Like the old code, this prevents unmounts while growfs is running;
this is now technically only required at the very end when growfs
rewrites what used to be the last cg and the superblock, but it
provides a better UX if unmounts are attempted during growfs.

This work is forward and backward compatible: a new growfs will work
with an unchanged kernel, and vice versa.

Test Plan

Actual growfs functionality has been tested by stubbing out
non-deterministic functions and comparing filesystems created by old
vs new growfs, iterating over a range of filesystem sizes that spans
several cylinder groups.

New growfs + unchanged kernel, new kernel + unchanged growfs

Not much testing of error handling or concurrency problems yet

Diff Detail

Repository
rG FreeBSD src repository
Lint
Lint Passed
Unit
No Test Coverage
Build Status
Buildable 48911
Build 45800: arc lint + arc unit

Event Timeline

This code supposedly further avoids growfs deadlocks, and may occasionally be able to grow a UFS filesystem mostly without blocking writes to the affected filesystem.

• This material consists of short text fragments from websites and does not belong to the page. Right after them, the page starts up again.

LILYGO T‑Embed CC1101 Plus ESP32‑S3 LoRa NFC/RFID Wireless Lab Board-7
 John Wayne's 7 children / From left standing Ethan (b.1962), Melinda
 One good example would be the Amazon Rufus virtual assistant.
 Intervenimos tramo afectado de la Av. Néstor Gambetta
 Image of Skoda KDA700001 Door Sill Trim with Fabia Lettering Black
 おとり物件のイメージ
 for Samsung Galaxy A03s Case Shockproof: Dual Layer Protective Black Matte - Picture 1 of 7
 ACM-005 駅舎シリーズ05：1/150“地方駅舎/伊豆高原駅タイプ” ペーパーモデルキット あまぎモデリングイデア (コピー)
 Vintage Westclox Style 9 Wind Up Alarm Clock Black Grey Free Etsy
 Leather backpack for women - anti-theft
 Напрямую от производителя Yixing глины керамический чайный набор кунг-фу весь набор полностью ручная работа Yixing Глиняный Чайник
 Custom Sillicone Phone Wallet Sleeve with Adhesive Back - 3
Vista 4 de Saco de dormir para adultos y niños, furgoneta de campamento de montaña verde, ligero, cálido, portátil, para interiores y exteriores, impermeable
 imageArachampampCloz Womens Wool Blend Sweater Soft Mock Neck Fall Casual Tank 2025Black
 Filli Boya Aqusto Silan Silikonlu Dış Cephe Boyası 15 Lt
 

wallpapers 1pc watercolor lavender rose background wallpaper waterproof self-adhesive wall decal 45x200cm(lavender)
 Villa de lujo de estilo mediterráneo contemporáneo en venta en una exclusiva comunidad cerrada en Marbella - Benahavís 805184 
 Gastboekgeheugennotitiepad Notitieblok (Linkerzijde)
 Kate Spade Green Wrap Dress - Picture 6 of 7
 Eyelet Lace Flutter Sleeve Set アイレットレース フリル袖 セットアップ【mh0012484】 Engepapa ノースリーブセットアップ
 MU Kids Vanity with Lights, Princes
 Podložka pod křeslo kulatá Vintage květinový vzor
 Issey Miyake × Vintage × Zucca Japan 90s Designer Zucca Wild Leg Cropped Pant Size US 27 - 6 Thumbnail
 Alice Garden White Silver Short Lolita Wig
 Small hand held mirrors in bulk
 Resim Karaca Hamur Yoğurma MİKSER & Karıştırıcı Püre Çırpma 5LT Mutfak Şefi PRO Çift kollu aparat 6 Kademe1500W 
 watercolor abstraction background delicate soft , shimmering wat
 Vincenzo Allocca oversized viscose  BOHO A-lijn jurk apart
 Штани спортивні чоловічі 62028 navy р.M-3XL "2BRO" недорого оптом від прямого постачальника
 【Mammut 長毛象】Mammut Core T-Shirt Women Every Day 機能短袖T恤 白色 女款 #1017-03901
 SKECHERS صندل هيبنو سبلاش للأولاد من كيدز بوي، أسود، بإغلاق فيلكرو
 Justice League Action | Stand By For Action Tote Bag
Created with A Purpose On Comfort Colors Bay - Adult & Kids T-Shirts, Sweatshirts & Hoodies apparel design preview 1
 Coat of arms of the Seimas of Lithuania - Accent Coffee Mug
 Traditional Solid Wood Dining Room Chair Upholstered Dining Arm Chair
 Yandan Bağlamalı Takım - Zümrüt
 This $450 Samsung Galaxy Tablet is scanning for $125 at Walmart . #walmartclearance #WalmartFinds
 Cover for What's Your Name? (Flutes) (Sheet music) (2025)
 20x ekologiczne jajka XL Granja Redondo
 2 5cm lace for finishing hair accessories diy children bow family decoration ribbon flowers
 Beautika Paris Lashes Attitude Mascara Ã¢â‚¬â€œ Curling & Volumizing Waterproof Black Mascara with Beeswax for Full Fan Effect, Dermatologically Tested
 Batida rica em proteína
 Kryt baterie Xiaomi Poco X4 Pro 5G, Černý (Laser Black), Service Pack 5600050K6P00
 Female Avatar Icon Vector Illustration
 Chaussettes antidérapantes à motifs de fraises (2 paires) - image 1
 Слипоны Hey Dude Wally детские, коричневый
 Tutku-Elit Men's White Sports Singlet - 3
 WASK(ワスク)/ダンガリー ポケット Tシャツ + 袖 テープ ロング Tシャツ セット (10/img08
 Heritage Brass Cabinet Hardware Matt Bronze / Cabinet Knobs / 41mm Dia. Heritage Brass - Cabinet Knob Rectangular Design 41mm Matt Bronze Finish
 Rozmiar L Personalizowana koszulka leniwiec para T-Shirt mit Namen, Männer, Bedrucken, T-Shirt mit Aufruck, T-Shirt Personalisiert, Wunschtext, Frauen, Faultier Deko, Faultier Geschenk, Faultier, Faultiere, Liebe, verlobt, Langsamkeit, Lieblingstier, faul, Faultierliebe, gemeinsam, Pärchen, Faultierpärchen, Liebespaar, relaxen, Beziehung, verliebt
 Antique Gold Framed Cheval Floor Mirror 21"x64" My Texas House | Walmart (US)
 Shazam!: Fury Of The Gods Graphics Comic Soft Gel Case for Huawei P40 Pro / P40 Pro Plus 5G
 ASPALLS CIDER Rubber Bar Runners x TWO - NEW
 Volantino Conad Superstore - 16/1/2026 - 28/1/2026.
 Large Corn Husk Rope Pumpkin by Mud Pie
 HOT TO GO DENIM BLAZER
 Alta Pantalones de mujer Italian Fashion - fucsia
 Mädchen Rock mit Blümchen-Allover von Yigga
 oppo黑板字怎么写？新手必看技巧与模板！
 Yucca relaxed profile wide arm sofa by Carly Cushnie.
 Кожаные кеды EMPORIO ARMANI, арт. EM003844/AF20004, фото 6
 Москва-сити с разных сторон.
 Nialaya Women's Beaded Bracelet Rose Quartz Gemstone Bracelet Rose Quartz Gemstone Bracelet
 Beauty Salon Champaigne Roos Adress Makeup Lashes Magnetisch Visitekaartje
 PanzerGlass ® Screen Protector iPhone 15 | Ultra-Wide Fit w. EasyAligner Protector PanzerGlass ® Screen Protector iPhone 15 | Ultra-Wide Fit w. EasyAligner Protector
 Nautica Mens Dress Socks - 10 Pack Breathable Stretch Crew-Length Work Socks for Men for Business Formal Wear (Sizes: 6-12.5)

This code is lightly tested, and I've not yet fully run through style(9) changes. It's also my first time using Phabricator.

Comments welcome!

sbin/growfs/growfs.c
88–90

Oops-- forgotten devel code, will be deleted

177–198

This is moved to run after writing new cylinder groups

1595–1602

Check for deadlock on stdout/stderr by checking filesystem ids

sys/ufs/ffs/ffs_suspend.c
254

ffs_susp_resume() is a refactoring to allow an ioctl to downgrade from a suspended state to a writable state without closing /dev/ufssuspend completely

287

The VFS lock now follows the presence/absence of the cdev privdata, rather than its previous implicit association with the filesystem being suspended.

sys/ufs/ffs/fs.h
904

Naming is Hard. This started as UFSAPPEND, UFSEXTEND is better, but better names will be grafefully adopted

sys/ufs/ffs/ffs_suspend.c
326

Misuse of an unrelated variable-- fortunately I noticed it before having to debug it

What if the filesystem is already suspended at the moment when the UFSEXTEND call is done?

I suggest changing the API. Add some kind of UFSOPEN (or might be UFSSUSPBIND ?) which associates mp with the ufs/suspend file. It would always allocate cdevpriv data for file, and busy the mp. Successful bind allows writes to the unused part of the volume, through the file. Then you can do UFSSUSPEND/UFSRESUME, which are tracked in the cdevpriv, so you do not rely on the ffs_susp_suspended() alone.

Might be add UFSSUSPUNBIND for completeness, which resumes if needed, and unbusies the mp.

sbin/growfs/growfs.c
1816

Why this check is needed?

1826

Same question.

sys/ufs/ffs/ffs_suspend.c
118

Why do you need this local var?

326

mp is NULL there, no?

383

This is the only place in the switch control flow that started do return. As result, it complicates (unneeded) lock scope analysis for ffs_susp_lock, and liveness for mp.